Addresses identified as illicit by Chainalysis received $14 billion in 2021, nearly double the $7.8 billion seen in 2020. There are a few caveats with those numbers, beginning with the fact that as time goes on, the firm improves its ability to identify suspect addresses and therefore provide more realistic estimations of criminal activity. The 2021 report originally stated 0.34 per cent of transaction volume was associated with criminal activity; that percentage has risen to 0.62 per cent.

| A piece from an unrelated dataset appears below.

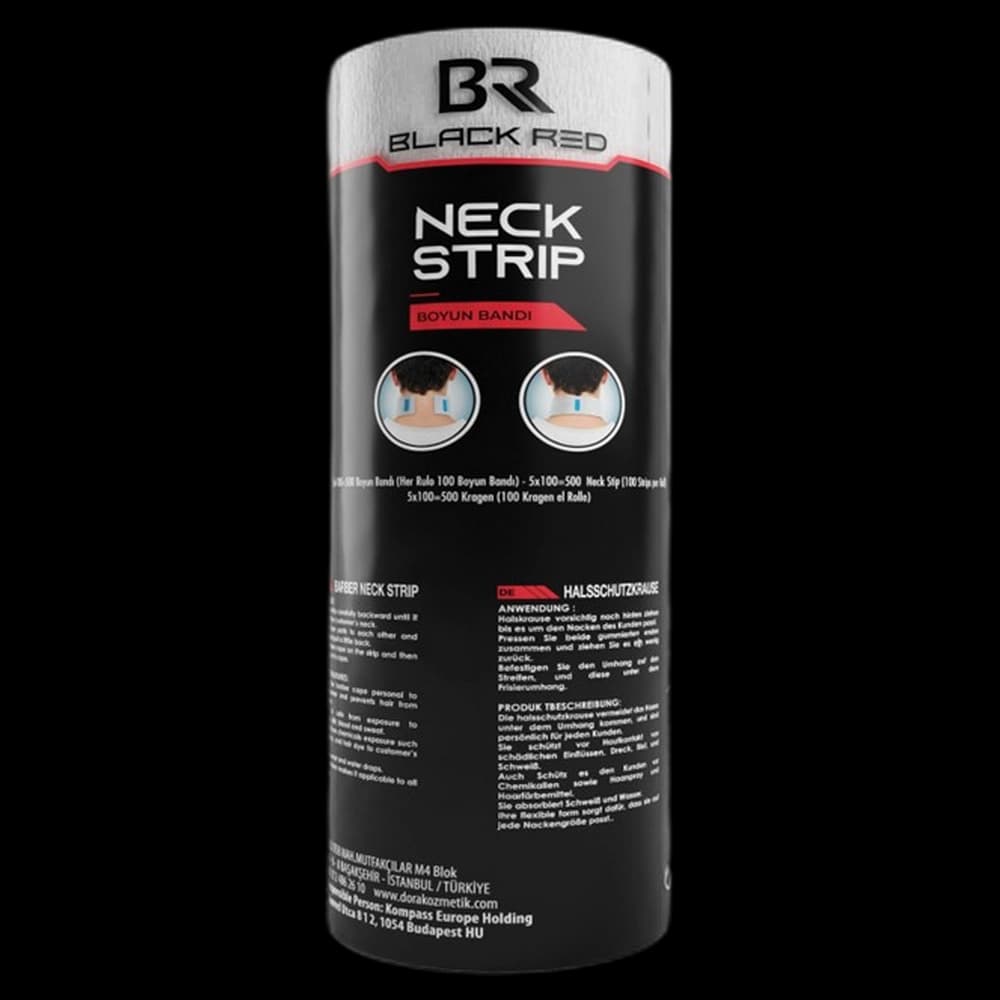 BLACKRED Neck Collar Paper Roll - pack of 5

More criminals are delving into cryptocurrencies for many reasons, to the tune of a 79 per cent increase over 2020. While significant, Chainalysis stated overall transaction volume during the same period was up more than 550 per cent, to $15.8 trillion, meaning illicit activity represents a shrinking amount of overall action.
As of last month transactions involving illicit addresses accounted for 0.15 per cent of crypto transaction volume in 2021, suggesting the activity is concentrated among a smaller number of actors. That rate should also rise as Chainalysis identifies more suspect accounts
“Still, the yearly trends suggest that with the exception of 2019 — an extreme outlier year for cryptocurrency-based crime largely due to the PlusToken Ponzi scheme — crime is becoming a smaller and smaller part of the cryptocurrency ecosystem,” Chainalsysis said in the draft report. “Law enforcement’s ability to combat cryptocurrency-based crime is also evolving.”
Decentralized finance (DeFi) is conducive to fraudulent activity, the report states. Scamming revenue was up 82 per cent to $7.8 billion of stolen crypto in 2021. Most of the increase over 2020, $2.8 billion-plus, came from rug pulls, which are seemingly legitimate crypto projects that end up with the founders taking the money and disappearing.
Most of the funds lost to rug pulls, around 90 per cent, were associated with the Thodex exchange, Chainalysis said. After its CEO stopped depositors from taking money out they disappeared.
Every other rug pull tracked by Chainalysis in 2021 was tied to a DeFi project, and Chainalysis lists two reasons. The first is people are flocking to the hype and are speculating. It is also easy for the technically capable to create DeFi tokens and list them on exchanges.
Cryptocurrency theft more than quintupled in 2021 to $3.2 billion, with roughly $2.2 billion ripped off from DeFi protocols. A main reason were errors in smart contract codes that allowed for thefts and rug pulls.
The solution? One aspect is better communication, Chainalysis believes. All stakeholders must do a better job of letting everyone know about scam projects.